Missed Part 1 of this blog series? Click here.

Ready for Part 3? Click here.

 Like

Welcome to data science 101, your guide to important introductory topics in predictive analytics. If you are an analytics specialist looking to learn more about data science, or even just someone interested in learning more about the topic, then this is the series for you!

We want to show you that if you do not have a strong background in statistics, or if you are not considering yourself as a data scientist, you can still effectively work with and analyze data. Throughout this four part series, we will go through the following topics: 

  1. Sampling and Distribution (click HERE to read)
  2. Correlation and AB Hypothesis Testing (click HERE to read)
  3. Single and Multiple Linear Regression (click HERE to read)

Throughout this series we will use a real data set to help explain and demonstrate the discussed concepts. Should you choose to follow along with us, we have all of our work available to you in the following links: 

  • For the Excel enthusiasts, click HERE to download the Excel workbook file
  • For Python gurus, click HERE to download a zip file that contains the Jupyter Notebook and necessary csv files. When in Jupyter Notebook, only open the file “Blog Post Data Set and Tests (Code).ipynb” to access the notebook with the code. The other files within the folder are just csv files of the data to be read in the notebook. 

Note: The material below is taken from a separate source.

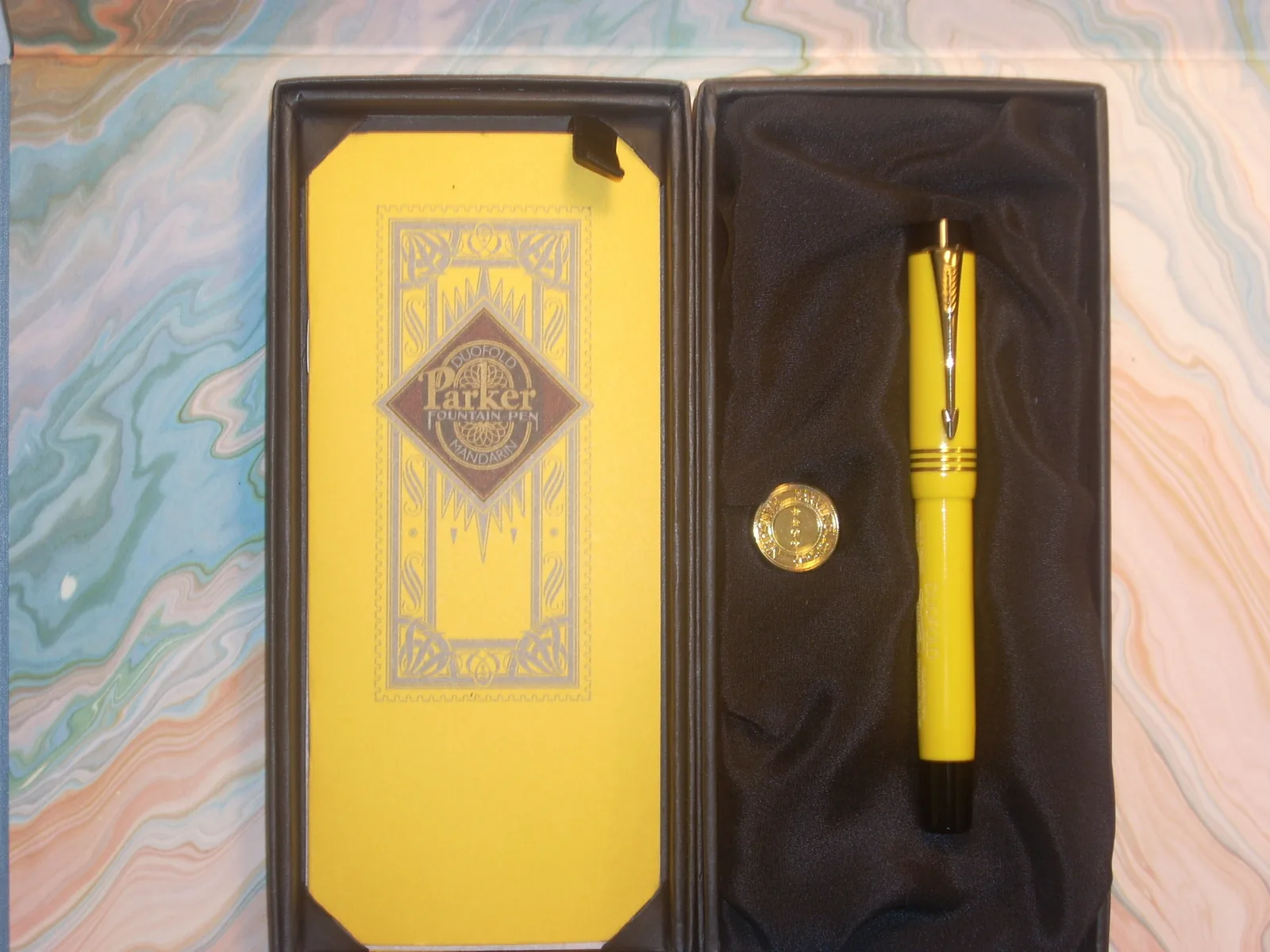Yellow Parker Duofold Mandarin fountain pen displayed with its presentation box and booklet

All of the calculations were done in both Excel and Jupyter Notebook, but all of our explanations are done using Excel. The Jupyter Notebook file will show you how we coded the same tests as well as the graphics and figures using Python. 

Before jumping into any tests or analysis, we first go through how to approach your raw data set. We have a lot to get through, so let’s get started!   

The Basics: How to Look at Your Data

Before we even begin to analyze our data, it is important to first assess our raw data. Ensuring you have an in depth understanding of your data allows you to better manipulate it and draw better conclusions. When collecting or selecting data, it is important to keep two overarching questions in mind: 

  1. Who is my target audience?
  2. What question am I trying to answer?

When thinking of your target audience, you want to make sure that your data is applicable and appropriate for that population. For example, if you were exploring housing prices for an intended US audience, it would be more beneficial to find data for houses in the United States rather than in Europe or Canada. When thinking of your question, you must ensure that your data is actually is viable for answering it. Think about the type of data you are looking for, whether it be qualitative or quantitative. For example, if you were looking at tumor sizes and dimensions, quantitative data would be more advantageous to use, but if you were looking at tumor attributes, such as shape and texture, qualitative data would be better to look at. In addition, it is important to gather any and all information that you may have about the data set. For example: 

  1. Where was the data collected from?
  2. Who collected the data?
  3. When was the data collected?
  4. How large is the data set?

Some of these questions may be more relevant than others, especially depending on whether your data is primary, meaning it was collected yourself firsthand, or secondary, meaning it was collected by someone else that you intend to use secondhand. The goal of data analytics is to answer a question, and that begins with information outside of just the numbers. 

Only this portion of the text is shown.